The changing dynamics behavior is assumed to be caused by a changing modulus of elasticity of the web. As a dynamics model is used for the load imitation in the demonstrator, the corresponding parameter for the modulus of elasticity serves as a ground truth, while the corresponding parameter in the online simulation should converge to this value to prove the functionality of the synchronization mechanism. The functionality of the virtual web tension sensor is proven by showing that the closed-loop controller manages to keep the actual web tension at the desired value by using the virtual sensor as feedback. The accuracy of the used dynamics model was not validated by the experiment, as the model was used for both, the load imitation and the online simulation. However, apart from this, the proposed system is facing real-world conditions, as real components from industrial practice are used with a dynamic load in the demonstrator.
Experiment results
Fig. 9 [Images not available. See PDF.]
Rapid change of elasticity tracked by the synchronized online simulation
During the experiment, the web tension control should keep the web tension in the considered section at 80 N, which corresponds to the same web tension that the previous section has for the initial modulus of elasticity of 8700 . As therefore, the initial web strain is equal to the previous section, also the roller velocities in the considered section are initially equal at the desired web transport velocity of 3 m/s. The result is depicted in Fig. 9. Note that the velocity values were smoothed by a moving average filter over 20 values, while the data was recorded every 20 ms.
Within printing machines, rapid changes of the elasticity of up to 20% are possible [20]. To replicate this, the modulus of elasticity in the imitated mechanics is increased instantaneously to 10,500 in the experiment, which is depicted in Fig. 9c. This directly results in a higher web tension in the considered section (see Fig. 9d). As the web tension control relies on the virtual sensor, it does not react to this increase. However, the resulting motor torque at the second real servo axis also increases significantly due to the increased web tension (see Fig. 9b). Hence, the model synchronization mechanism is detecting a high discrepancy between the simulated and real motor torques at the second servo axis. This leads to an adaption of the modulus of elasticity in the online simulation, which is seen in Fig. 9c. After about 20 s, the estimated modulus of elasticity in the simulation already reaches the real modulus of elasticity with a discrepancy of less than 1%. As the modulus of elasticity is increasing successively in the simulation, also the simulated web tension would increase. However, the web tension control keeps the simulated web tension at 80 N by successively increasing the velocity of the first servo axis (see Fig. 9a). Hence, the simulated web tension remains constant, but the behavior of the web tension control is getting more suitable to the real behavior, because of the converging modulus of elasticity. By this, the real web tension also converges to its desired value (see Fig. 9d).

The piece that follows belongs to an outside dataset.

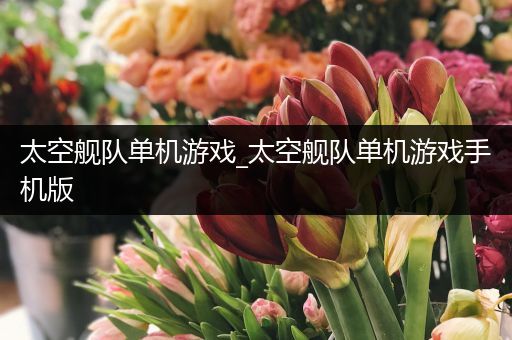 太空舰队单机游戏_太空舰队单机游戏手机版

With the increased modulus of elasticity, the web strain is getting smaller to remain the same web tension. As the web strain of the previous section remains constant in this experiment, the roller velocities could not be equal anymore in the stable state (see Eq. (5)), which results in a higher velocity of the first axis (see Fig. 9a).
Discussion
This experiment shows that the implemented synchronized online simulation is able to automatically react to a changing system behavior through an online model adaption. By this, the synchronized online simulation is able to reflect the real system, ensuring reliable simulation results. In particular, the synchronization mechanism adapts the modulus of elasticity in a way that the simulated motor torque and the real motor torque at the second servo axis correspond. By this, the requirement of providing reliable estimates of the web tension with low noise as a virtual sensor for a closed-loop web tension control is met.
As the implementation is intended to demonstrate the principles of synchronized online simulation with an imitated web transport system as an example, the model synchronization mechanism was not optimized to fit to a particular scenario. In the evaluated experiment, the synchronization took a relatively long time, but the resulting estimation for the modulus of elasticity was relatively stable despite the inconsistent torque measurement. As indicated before, the synchronization gains could be chosen higher for a faster and more sensitive adaption, which conversely would also lead to higher instability towards noisy and inconsistent torque measurements. In practice, the gains have to be adjusted to meet the specific requirements optimally.
An alternative synchronization method would be to detect the changing system behavior by the comparison of the motor torques and trigger an optimization algorithm to find a suitable parameter adaption. However, this method is still not able to adjust the model parameters directly after the modification, as a sufficient set of data has to be collected for the new system behavior at first. Additionally, an optimization algorithm is computationally costly and a less frequent adaption could be insufficient for faster changes in the system behavior. In general, this means that a continuous synchronization is more suitable for small but frequent changes, whereas a stepwise synchronization is more suitable for an application with less but more drastic changes.
The use of imitated mechanics has the advantage that the system behavior of the real mechatronic system could be adapted systematically, while knowing the exact system parameters and without the need of an error-prone physical manipulation of real mechanics. However, this approach also has the disadvantage that the behavior of the real mechanics could not be fully replicated due to the limits of the load modeling. Hence, a more complex online simulation model could be necessary in practice and the system would be exposed to more disturbances than in the demonstrator. For this reason, evaluating the accuracy of the implemented virtual sensor is not reasonable at this point.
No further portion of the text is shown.